Today on Oldest Olympians, we wanted to finish wrapping up our coverage of eisstockschießen, or “ice stock sport” at the 1936 Garmisch-Partenkirchen Olympics. We have covered this tournament haphazardly, but we wanted be a little more organized and touch upon the remaining mystery competitors that we have not yet mentioned. Today, we are going to finish looking at all those that we have not discussed previously.
In the event for Germans only, we have not mentioned that the team from Eissportverein Weilheim also included Xaver Bauer, Anton Kranner, and Roman Ostermeier, none of whom we know anything about. The same can be said of the remaining members of eighth-placed Eisstock-Club Mittenwald – Johann Fichtl, Georg Müller, and Franz Wörndl – and the ninth-placed team of Eis- und Rollschuhsportverein Passau: Hans Bauer, Alois Haider, and Heinrich Wurst.
For the tenth-placed Eissport-Club Oberstdorf, we missed only one individual: Franz Dürr. Just as with the two remaining members of 11th-placed Gießener Eisverein, Willi Mohr and Walter Schonebohm, we have been unable to uncover any concrete information about him. From 12th-placed Altonaer Schlittschuhläuferverein, from Hamburg, we have not covered Herrmann Jeddicke and Otto Kolzen. There are two Otto Kolzens buried in Hamburg, but we do not know if either were the Olympian: one was born January 3, 1880 and died November 17, 1954, while the other was born November 9, 1913 and died June 13, 1979. Given the wide range of ages in the tournament, either could be the player, but for Jeddicke we have no leads.

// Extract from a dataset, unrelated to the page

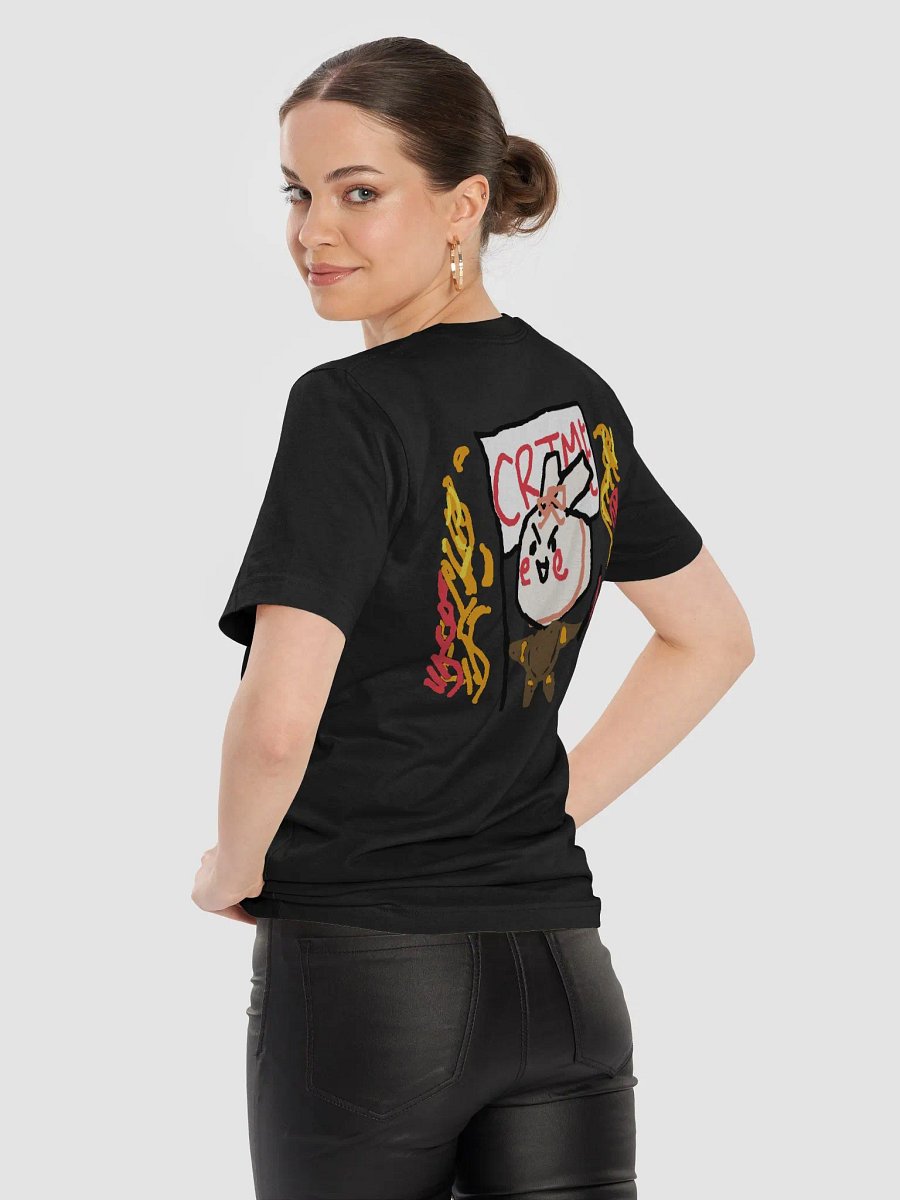 Pu Tea & Crime double sided t-shirt product image (81)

The final two players, Wilhelm Kadel and Karl Möser, were members of the Frankfurter Tennis-Club 1914 club that finished 14th and last, and we again have no information on either. They do, however, wrap up our coverage of mystery competitors for the 1936 Garmisch-Partenkirchen Olympics, although for completeness on pre-war Olympians without dates of birth or death, we need to mention two rowers from the Berlin Games: Milan Blace and Branko Karadjole. Both were reserves with the Yugoslavian coxed fours squad, but neither saw any playing time and we have no biographical details on either of them.
That is what we have for today, but we hope to soon move to the 1948 St. Moritz and London Olympics There are many Olympians who took part in the Games for whom we lack information on their dates of birth. Now that most, if not all, of those individuals would be over the age of 90, we are hoping to delve into these Games in more detail in the hopes of bringing their contributions to global sport to a greater audience and maybe even solving a few Olympic mysteries. We hope that you will join us!